悲愴と絶望に駆られるままに、ひたすら生きている絢子とふたたび一緒になることだけを求めて試行錯誤するだけの、純愛とサスペンスです。運命は変えられないのではないか――個人ではどうにもならない戦争という大きな影に覆われても、語り手は諦めません。「ほかのどんな絢子ともちがうのではないかという疑いが、執拗にこびりついてはなれない」。おそらくそこまで変えてしまっては、絢子はまったく別の人生を歩んでいることでしょう。それでも「希望にみちたぼくの世界が舞っているはずだ」と前向きな語り手を見ると、そうはうまくいかないだろうと邪推して、却って憐れみを覚えてしまいます。
「ケンの行った昏い国」今日泊亜蘭(1970)★★★★☆
――身構えは同時だった。拳銃をひきぬく動作も、ズン!と腹へひびく銃声もうすい硝煙も。だが結果もおなじ、とは言えないようだった。伎倆《うで》に、フフン、開きがあるのさ、と相手の死を見さだめてからケンは北叟笑んだ。「組」が命令したからだ。でなければ古友達は殺りかねる。バスが遅れてやってきてもケンは上機嫌だった。「姉ちゃん停めなくていいぜ」停車しきらないうちにヒラリと飛乗って軽口をたたいた。
タイトルもネタバレだし、異次元SFはともかくとして怪談としては定番中の定番でもあります。軽口を叩くチンピラによる独特の文体のおかげで、欠点というよりも新しい切り口による作品になっていました。
「潮の匂い」眉村卓(1978)★★★☆☆
――家庭とマイホームを持ち、妻も子も健康なのに、その家庭で下宿人のような立場に置かれている。これが中年というものなのか。することはひとつ。自転車だ。サイクリング・コースを一周したが、何か違う。もっと遠くへ行かなければ。潮の匂いをかいだような気がした。海に行こう。そこは終戦直後の景色だった。現在でもこういう暮らしをしている人がいるのか? あれは夜店か。「コーラでもどうかね?」五十円払うと、不思議な顔をされた。「どういうつもりだね?」おやじは一枚つまんでおつりに五十銭を返した。
飽くまで過去ではなく異世界という設定のようです。『ミステリーゾーン』ふうのノスタルジックな作品ですが、実際発表時期を考えると『ミステリーゾーン』の一挿話を日本を舞台に移植したのではないかという気もします。
「母子像」筒井康隆(1969)★★★★☆
――なんの変哲もない、サルの玩具だった。
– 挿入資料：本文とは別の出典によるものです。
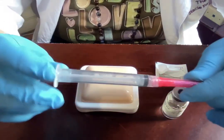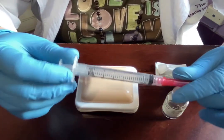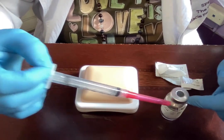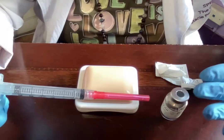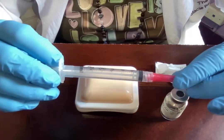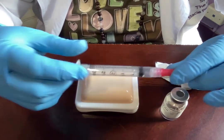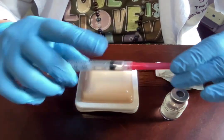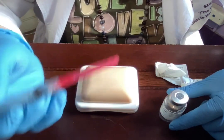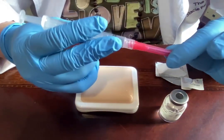The next step is to pull up an amount of air equal to the dose you'll be drawing from the vial. The reason is that a vacuum is created inside the vial, and if you only pull liquid out, that vacuum will eventually cause leaking or spraying. For our purposes, the dose is 0.5 milliliters, so I'll draw up 0.5 mL of air, which I'll then inject into the vial before drawing out 0.5 mL of liquid.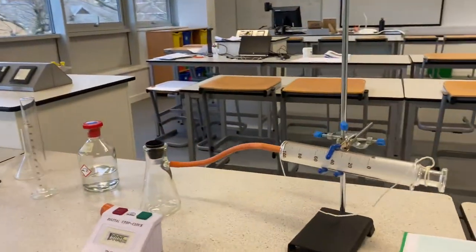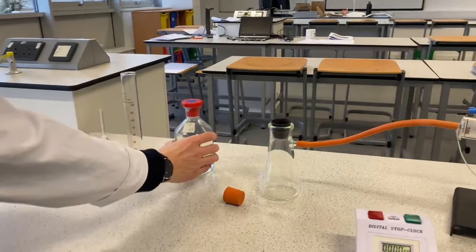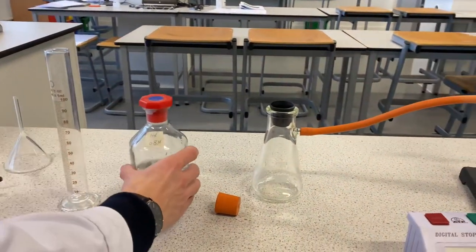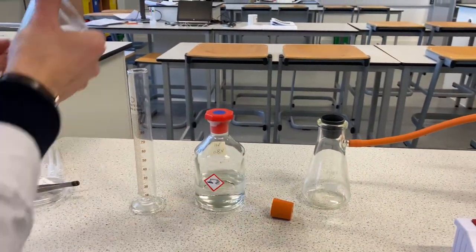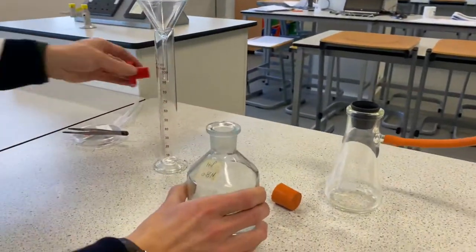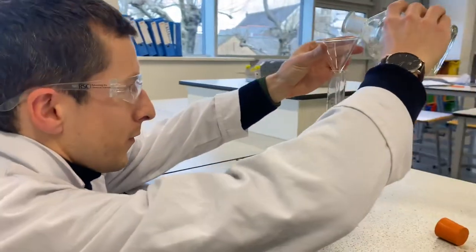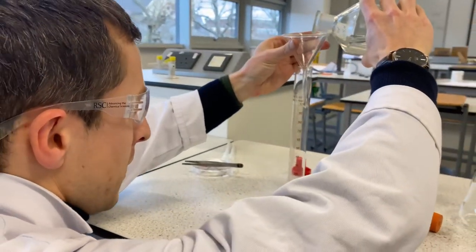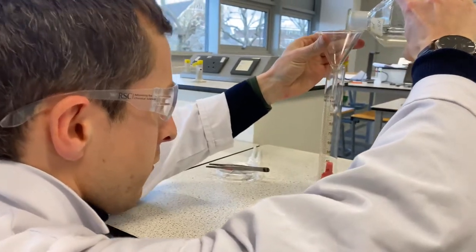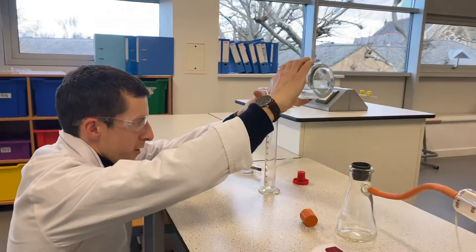Tell us, what do we start with? Okay, talking through the experiment, we're going to put some hydrochloric acid — we're going to measure out 50 centimetres cubed into this measuring cylinder. I'm going to use a funnel to be safe, and I'm wearing my lab glasses as well. So I'm going to get down to eye level. I'm going to measure out quite confidently up to around 40 or 45.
私は子煩悩な方ではない。サルを買ったのは、その一匹だけが何のまちがいか白い布地で作られていたからである。数週間後、家に帰ってみると、妻も赤ん坊もいなかった。サルが打ち鳴らすシンバルの音だけが聞こえる。一瞬だけ見えた赤ん坊は白いサルをつかんでいた。私は手をのばして掴もうとした。サルだけが戻ってきた。
小道具の使い方が非常にうまく、あの少し不気味なサルの玩具がシンバルを鳴らす音だけ響いてくる様子がはっきりと目に浮かんできます。衝撃的な幕切れを迎えますが、幸せかどうかは本人たちにしかわからないというのに、そうとでも思わなければやっていけないのでしょう。読者としても、語り手が白いサルに目を留めた理由を知ることで、理不尽なことに無理にでも納得しやすくなっています。
「殉教」星新一(1958)★★★☆☆
――死者と通信できる機械を発明した科学者が、亡妻と会話したあと妻の待つあの世に発った。会場に詰めかけていた観客たちは、はじめこそ半信半疑だったが、大切な人を呼び出して話をするうち、次々と命を絶ち始めた。そして機械を使う順番を待つ長い行列が続いた。
異世界といいつつ、本書収録作中2篇があの世を扱っています。少なくともだいたいの宗教では死後の世界を幸福な場所として描いているわけですし、本編のように科学技術の結果だとしても信じるという点では宗教と変わらないということなのでしょう。狂信者を笑うだけでは済みません。「信じない」人々が残ったというのは意外な結末でした。